InternetRetailing‘s Editor in Chief, Ian Jindal, has been shopping hard this month and his experience at the sharp end of retail (handing over cash, rather than writing strategies) has made him ponder how retailers should respond to anticipated ‘percentage declines’ in sales.

Thanks to client engagements your Editor in Chief has had the opportunity to pound the malls, boutiques and ateliers of Hong Kong, London, New York and Manchester – all in the space of high carbon-footprint month. During my travels I’ve been both demonstrating best practice rich internet applications and spending times in some truly extraordinary retail venues – from the highest end of luxury outlets and malls in Hong Kong through discount and scale retailers in NYC, where luxury and mass-markets collide, and niche, one-outlet custom retailers in the UK. As a backdrop to this till-gazing my newsfeeds have kept me in touch with the statistics: ongoing fears of a consumer recession; growth in online sales over the Christmas season that show the channel taking an ever-greater proportion of retail sales and a mix of retail results, with some winners and a few losers whose sales have declined.

In my conversations with retailers there’s a general agreement that the “consumer situation” is going to be difficult through 2008 and that spring trading won’t help fashion retailers enough (after all, Spring/Summer goods have a lower cash value that the big winter coats and back to school outfits) and the electronics retailers lack a compelling product – no Xbox/Wii launch, no new operating system, no radical shift in computer power or screen technology. Even the DVD format war has fizzled to a conclusion.

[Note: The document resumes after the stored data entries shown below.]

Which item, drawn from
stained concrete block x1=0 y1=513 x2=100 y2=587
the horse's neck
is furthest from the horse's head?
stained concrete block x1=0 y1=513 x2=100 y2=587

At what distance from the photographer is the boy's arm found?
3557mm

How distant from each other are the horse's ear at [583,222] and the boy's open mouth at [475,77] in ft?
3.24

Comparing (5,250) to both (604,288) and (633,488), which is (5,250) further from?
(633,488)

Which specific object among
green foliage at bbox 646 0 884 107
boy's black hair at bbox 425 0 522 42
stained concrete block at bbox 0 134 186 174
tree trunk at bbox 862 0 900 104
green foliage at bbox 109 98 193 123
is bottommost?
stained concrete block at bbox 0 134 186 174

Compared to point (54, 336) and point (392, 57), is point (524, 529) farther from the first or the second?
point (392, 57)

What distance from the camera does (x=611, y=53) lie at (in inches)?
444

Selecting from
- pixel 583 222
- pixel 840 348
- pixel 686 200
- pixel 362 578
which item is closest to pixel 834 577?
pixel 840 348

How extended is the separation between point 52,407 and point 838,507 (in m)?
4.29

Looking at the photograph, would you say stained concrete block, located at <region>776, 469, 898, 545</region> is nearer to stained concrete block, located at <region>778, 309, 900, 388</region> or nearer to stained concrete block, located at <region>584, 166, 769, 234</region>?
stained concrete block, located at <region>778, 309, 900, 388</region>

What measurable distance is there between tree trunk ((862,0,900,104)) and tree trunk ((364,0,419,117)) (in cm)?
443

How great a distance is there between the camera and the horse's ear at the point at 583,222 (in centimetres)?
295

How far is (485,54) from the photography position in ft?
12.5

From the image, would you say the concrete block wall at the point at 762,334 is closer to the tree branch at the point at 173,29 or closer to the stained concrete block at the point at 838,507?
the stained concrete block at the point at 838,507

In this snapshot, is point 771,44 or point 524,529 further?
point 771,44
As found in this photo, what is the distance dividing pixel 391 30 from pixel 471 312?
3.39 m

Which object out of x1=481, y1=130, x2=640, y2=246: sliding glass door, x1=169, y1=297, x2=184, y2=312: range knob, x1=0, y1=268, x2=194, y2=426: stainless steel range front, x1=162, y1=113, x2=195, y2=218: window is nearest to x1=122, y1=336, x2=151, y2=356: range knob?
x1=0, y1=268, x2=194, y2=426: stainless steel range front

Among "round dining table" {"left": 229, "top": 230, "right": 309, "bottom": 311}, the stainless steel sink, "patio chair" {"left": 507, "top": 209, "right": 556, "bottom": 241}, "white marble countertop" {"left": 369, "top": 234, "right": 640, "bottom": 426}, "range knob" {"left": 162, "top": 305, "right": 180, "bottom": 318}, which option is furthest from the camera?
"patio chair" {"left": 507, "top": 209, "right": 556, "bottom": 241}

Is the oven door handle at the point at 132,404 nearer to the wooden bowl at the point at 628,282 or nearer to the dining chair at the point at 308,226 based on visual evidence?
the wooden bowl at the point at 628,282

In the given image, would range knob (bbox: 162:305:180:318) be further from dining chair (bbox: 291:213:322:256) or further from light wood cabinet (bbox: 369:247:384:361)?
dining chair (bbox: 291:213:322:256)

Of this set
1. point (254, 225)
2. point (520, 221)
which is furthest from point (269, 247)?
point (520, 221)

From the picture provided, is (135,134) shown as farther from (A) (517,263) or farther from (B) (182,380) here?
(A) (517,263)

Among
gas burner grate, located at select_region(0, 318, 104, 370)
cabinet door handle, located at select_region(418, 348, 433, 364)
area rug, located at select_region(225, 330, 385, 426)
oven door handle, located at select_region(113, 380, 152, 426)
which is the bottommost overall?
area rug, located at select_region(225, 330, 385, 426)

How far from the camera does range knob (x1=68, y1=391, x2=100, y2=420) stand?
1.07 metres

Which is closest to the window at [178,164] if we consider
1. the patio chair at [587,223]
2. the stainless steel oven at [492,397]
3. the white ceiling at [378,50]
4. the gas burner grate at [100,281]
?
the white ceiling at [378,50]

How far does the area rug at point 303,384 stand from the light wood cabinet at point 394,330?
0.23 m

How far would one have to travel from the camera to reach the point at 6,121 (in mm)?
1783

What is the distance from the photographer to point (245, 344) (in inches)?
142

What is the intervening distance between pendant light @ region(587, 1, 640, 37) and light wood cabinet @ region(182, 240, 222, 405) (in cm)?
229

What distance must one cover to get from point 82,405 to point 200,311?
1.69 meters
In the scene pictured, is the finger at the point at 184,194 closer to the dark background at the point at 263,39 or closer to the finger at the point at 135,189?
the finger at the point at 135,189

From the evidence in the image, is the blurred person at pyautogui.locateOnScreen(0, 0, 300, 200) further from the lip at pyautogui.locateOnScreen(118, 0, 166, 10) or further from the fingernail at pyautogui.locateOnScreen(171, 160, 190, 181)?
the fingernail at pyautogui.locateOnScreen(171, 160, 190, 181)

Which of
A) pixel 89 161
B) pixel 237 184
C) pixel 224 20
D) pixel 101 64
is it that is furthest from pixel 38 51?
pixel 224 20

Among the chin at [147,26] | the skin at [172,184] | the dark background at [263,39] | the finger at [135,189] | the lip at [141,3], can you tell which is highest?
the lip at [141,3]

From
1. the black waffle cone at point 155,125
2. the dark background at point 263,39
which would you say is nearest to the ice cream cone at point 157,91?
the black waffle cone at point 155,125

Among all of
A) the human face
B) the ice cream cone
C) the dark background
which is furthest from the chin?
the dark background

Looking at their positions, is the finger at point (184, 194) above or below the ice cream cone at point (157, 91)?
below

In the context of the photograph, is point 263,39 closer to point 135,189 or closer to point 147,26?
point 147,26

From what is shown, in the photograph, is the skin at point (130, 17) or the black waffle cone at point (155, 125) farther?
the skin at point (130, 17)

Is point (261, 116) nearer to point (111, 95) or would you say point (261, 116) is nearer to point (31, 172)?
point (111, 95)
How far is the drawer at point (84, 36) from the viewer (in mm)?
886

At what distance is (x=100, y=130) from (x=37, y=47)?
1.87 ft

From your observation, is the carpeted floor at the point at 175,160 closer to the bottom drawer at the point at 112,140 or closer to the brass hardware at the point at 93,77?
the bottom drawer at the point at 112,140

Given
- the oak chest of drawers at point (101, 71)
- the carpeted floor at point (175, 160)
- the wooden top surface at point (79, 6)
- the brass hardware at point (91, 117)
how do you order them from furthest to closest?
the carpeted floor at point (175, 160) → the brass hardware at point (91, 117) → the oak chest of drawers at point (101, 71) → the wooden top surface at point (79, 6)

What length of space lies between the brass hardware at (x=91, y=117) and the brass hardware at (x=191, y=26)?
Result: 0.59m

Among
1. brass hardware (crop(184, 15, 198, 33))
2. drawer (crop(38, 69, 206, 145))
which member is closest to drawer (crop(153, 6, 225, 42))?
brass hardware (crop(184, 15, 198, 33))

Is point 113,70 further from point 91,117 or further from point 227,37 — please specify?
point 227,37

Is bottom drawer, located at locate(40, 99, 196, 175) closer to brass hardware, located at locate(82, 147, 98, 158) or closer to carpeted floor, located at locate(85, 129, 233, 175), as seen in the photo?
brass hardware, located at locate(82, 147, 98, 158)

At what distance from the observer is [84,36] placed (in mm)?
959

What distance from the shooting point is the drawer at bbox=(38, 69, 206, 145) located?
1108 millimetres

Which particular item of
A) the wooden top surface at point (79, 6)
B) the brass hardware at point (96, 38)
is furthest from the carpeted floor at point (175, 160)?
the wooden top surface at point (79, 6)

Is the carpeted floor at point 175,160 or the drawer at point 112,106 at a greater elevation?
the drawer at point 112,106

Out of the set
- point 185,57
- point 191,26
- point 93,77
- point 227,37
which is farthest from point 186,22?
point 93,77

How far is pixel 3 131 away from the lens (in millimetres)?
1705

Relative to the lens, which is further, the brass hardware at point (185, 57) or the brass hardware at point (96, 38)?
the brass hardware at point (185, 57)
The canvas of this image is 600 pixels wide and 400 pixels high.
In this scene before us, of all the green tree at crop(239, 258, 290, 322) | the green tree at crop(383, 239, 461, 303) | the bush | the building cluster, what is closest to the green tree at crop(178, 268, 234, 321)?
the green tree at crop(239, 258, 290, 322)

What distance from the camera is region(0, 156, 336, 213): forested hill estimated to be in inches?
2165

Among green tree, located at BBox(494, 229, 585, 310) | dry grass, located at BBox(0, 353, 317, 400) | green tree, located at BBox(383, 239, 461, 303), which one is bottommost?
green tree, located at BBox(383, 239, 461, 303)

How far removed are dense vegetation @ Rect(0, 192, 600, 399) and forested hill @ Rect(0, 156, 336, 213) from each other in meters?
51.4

In all, retailers are looking to proceed with caution, eye promotional activity and keen pricing as their lodestone in the difficult currents ahead – looking to steady sales or have a ‘managed decline’ while protecting margins. In a word – incrementalism.

I fear, though, that such stoicism and incrementalism will not serve retailers well: there’s no such thing as an average decline.

Customer behaviour is binary: they either buy or they do not. It’s not as if – faced by a reduced amount of free cash – a customer simply decides to spend £97 instead of £100. Clearly, retailer discounting may give that appearance (ie if we reduce prices) but the more worrying situation is that customers simply do not buy at all from us: a 100% discount!

This was obvious to me as I eavesdropped on the faithful in four different Apple stores fondling the new MacBook Air. Even early adopters acknowledge that the machine is underpowered but its impact is clear: it makes other options look undesirable and customers will wait for the ‘version 2’ rather than spend now or on an alternative. The message for rival products is “we don’t want it” not “we can’t afford it”.

Likewise, for clothing. Recent reports show that customer aspirations remain high even when cash is tight. The observed behaviour is that they’ll continue to buy high-end goods, but in lower quantities, and would fund the purchases by eschewing other non-essential purchases (ie reduced overall sales for the high end, zero sales at the lower end: no ‘average’ in sight!).

Luxury etailers, however, should not take this custom for granted. A quantitative survey by Conchango this month (covered on our portal) shows a catalogue of basic errors and shoddy customer experience. 30% of ordered goods did not arrive, and from a total score of 190 Estee Lauder (the best) only managed 109 and Dior held up the bottom with a lowly 56 (goods didn’t arrive).

The lessons from this are clear, obvious – and generally ignored. Back your products and marketing with great logistics.

The more difficult lesson though is to look through the aggregate behaviour of 100 customers and consider the unique experience of each of them: if we fail to communicate, inspire and delight then the customers’ wallets will stay firmly in their pockets. Aggregate percentage shifts in the market will disguise the fact that some retailers will take lots of money and others will see sales fall off a cliff.

A gynaecologist friend once remarked, one cannot be “99% pregnant” – you either are or you’re not. Likewise with retail in 2008: there’s no ‘99% successful’ – you’ll either make the sale or you won’t. In 2008 etail sales will need to be personal, and etailers must act accordingly.